Building a neural network

Building a neural network#

We start with a simple binary classification problem to demonstrate how neural networks work. Here’s our (generated) dataset of two blue and red classes encoded with 0 and 1.

import random
import matplotlib.pyplot as plt


xs = [(random.normalvariate(0, 1) - 5 , random.normalvariate(0, 1)) for _ in range(100)] \
    + [(random.normalvariate(0, 1) + 5 , random.normalvariate(0, 1)) for _ in range(100)]
ys = [1 for _ in range(100)] + [0 for _ in range(100)]
Hide code cell source
with plt.style.context("seaborn-v0_8-white"):
    plt.figure(figsize=(8, 8))
    plt.xlim([-10, 10])
    plt.ylim([-10, 10])
    plt.scatter([x[0] for x in xs], [x[1] for x in xs], c=ys, cmap=plt.cm.Spectral)
    plt.title("a toy dataset for binary classification")
    plt.xlabel("x1")
    plt.ylabel("x2")
    plt.show()
../_images/6326f5ac2b0208bec339f7ccc44f4e8f951cbf8d1e8fefcc275bbb9ef96a1606.png

We’ll start with the simplest neural network: zero hidden layers and sigmoid activation. This is also known as logistic regression.

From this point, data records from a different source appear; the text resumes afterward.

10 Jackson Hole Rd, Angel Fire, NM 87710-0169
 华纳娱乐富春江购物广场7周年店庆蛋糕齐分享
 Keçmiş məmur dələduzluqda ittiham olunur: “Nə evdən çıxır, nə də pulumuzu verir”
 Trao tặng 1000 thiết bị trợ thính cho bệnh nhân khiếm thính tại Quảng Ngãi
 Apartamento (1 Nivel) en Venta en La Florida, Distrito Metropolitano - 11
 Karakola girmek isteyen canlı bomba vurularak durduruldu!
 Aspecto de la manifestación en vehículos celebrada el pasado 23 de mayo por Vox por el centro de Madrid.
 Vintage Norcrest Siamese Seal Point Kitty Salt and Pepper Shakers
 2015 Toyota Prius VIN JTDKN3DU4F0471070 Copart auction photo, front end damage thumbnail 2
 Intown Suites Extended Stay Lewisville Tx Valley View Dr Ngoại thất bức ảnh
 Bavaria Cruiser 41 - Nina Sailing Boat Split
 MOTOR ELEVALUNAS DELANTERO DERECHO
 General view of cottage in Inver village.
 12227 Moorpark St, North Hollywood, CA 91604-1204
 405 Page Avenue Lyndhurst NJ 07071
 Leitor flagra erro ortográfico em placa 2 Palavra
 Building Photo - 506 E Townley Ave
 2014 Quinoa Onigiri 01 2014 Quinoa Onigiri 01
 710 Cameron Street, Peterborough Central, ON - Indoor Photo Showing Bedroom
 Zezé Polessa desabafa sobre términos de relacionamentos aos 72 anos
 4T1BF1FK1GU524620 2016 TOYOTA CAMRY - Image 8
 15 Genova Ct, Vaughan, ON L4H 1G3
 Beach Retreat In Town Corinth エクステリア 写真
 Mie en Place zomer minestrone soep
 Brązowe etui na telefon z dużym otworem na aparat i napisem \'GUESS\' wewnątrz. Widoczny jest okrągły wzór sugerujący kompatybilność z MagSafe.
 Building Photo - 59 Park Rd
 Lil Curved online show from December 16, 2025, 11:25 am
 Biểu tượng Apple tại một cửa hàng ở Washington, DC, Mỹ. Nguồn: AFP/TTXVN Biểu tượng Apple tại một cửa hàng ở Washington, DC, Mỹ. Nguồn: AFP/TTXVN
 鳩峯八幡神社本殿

Here we go:

from mlfz.nn import Model
from mlfz.nn.scalar import Scalar, sigmoid, binary_cross_entropy


class ZeroLayerNetwork(Model):
    def __init__(self):
        self.a1 = Scalar(1)
        self.a2 = Scalar(1)
        self.b = Scalar(1)

    def forward(self, x):
        x1, x2 = x
        return sigmoid(self.a1 * x1 + self.a2 * x2 + self.b)
    
    def parameters(self):
        return {"a1": self.a1, "a2": self.a2, "b": self.b}
model = ZeroLayerNetwork()

We can visualize the untrained model on a heatmap, coloring according to predictions.

Hide code cell source
import numpy as np


def visualize_model(model, xs, ys, res=100, xrange=(-10, 10), yrange=(-10, 10)):
    with plt.style.context("seaborn-v0_8-white"):
        plt.figure(figsize=(8, 8))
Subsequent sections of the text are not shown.